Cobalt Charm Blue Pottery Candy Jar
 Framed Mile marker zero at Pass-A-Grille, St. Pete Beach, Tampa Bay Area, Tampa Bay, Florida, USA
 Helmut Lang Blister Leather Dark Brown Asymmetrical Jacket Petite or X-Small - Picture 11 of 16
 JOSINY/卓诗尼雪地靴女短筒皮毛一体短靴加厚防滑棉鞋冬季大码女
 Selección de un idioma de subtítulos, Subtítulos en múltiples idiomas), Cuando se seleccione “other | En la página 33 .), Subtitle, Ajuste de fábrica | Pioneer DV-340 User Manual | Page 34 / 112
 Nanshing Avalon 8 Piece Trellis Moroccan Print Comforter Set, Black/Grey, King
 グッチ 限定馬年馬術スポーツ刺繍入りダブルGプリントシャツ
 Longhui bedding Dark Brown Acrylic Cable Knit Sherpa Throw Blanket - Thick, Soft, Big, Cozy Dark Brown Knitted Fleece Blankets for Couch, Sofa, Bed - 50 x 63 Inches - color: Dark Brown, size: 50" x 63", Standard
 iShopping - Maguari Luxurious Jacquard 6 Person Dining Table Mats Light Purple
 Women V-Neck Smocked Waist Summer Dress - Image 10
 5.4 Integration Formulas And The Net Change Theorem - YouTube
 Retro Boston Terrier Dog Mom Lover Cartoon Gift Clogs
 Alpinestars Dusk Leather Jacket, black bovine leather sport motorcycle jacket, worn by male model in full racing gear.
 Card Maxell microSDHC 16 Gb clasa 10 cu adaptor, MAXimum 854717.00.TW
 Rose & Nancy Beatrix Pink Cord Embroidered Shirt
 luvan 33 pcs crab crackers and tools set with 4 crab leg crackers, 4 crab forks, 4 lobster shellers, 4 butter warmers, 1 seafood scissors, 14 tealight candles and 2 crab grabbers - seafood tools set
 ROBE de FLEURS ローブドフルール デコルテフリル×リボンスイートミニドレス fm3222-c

⁂

## WORK REQUIRED
The lines above from the one with "5.4 Integration Formulas" through the one with "Rose & Nancy" are to be duplicated exactly, ends included, with nothing added.

## RESULT OF THE EXERCISE
 5.4 Integration Formulas And The Net Change Theorem - YouTube
 Retro Boston Terrier Dog Mom Lover Cartoon Gift Clogs
 Alpinestars Dusk Leather Jacket, black bovine leather sport motorcycle jacket, worn by male model in full racing gear.
 Card Maxell microSDHC 16 Gb clasa 10 cu adaptor, MAXimum 854717.00.TW
 Rose & Nancy Beatrix Pink Cord Embroidered Shirt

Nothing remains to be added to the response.